Sure is, it's called NetHogs and it's open source. Out of the box it doesn't give you fancy plots, but it does feature:
- a 'top' like display, showing programs currently using bandwidth, how much, ordered by consumption (view can be customized)
- Easily log data to a file, which you can use any number of plotting / visualization programs to generate graphs (gnuplot, rrdtool, etc)
- Amazingly easy to use as a library if you know C/C++ (but not necessary)
I made a fork of NetHogs in the gcollector program that I wrote as a proof-of-concept pluggable monitoring system for GlusterFS, since I needed something designed to work just in scripts to sort of supervise how much bandwidth each process was using.
But, don't be daunted - out of the box the program is just as easy to use as 'top', and packages are available for it for many popular distributions.
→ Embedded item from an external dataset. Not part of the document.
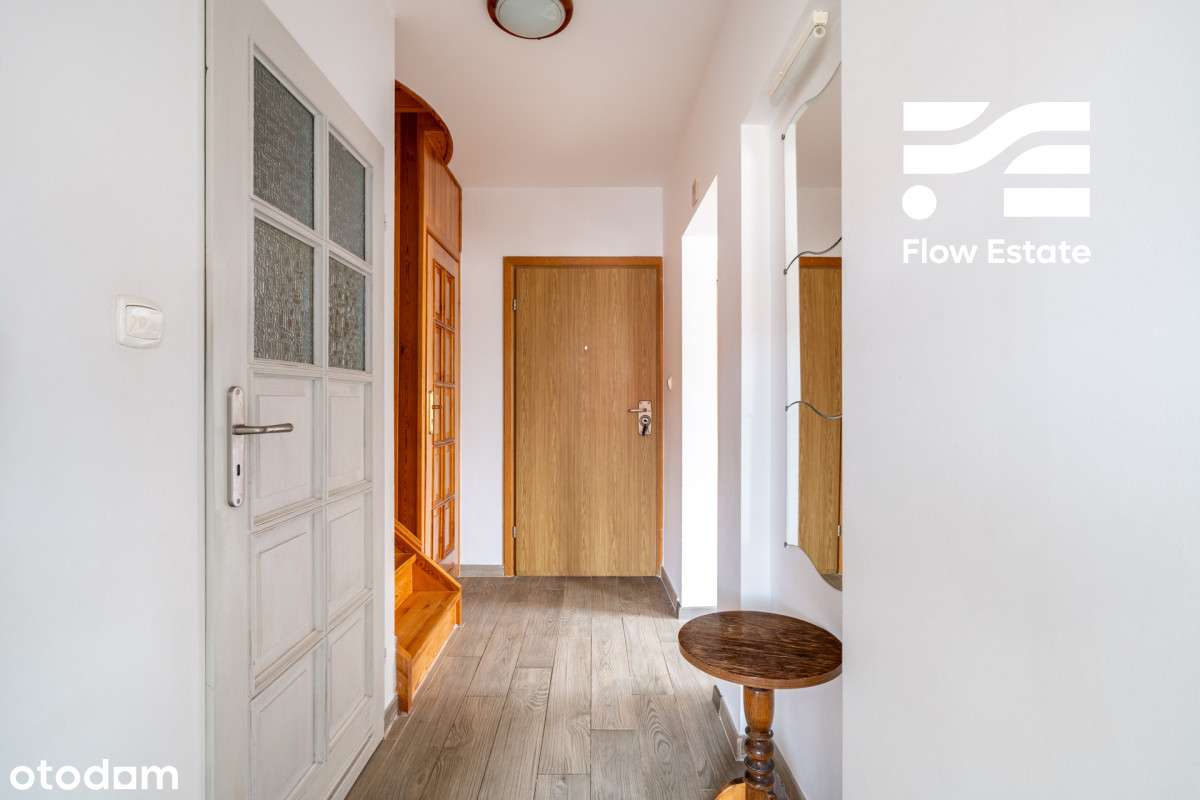 Mieszkanie 3 pokojowe ul. Rdestowa Gdynia-5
If you're an advanced sort of user, then you can really get creative in visualizing what programs eat how much bandwidth at any given time. I've even see folks plug cacti into it, for monitoring per-process consumption on servers.
I believe KDE and GNOME both have several 'gadgets' (used loosely as a universal term) that handle simple monitoring of process bandwidth, but not nearly as comprehensive or flexible as just using NetHogs itself.
Just note, it's tied more to the process than the interface itself, but you can change that around if you need to.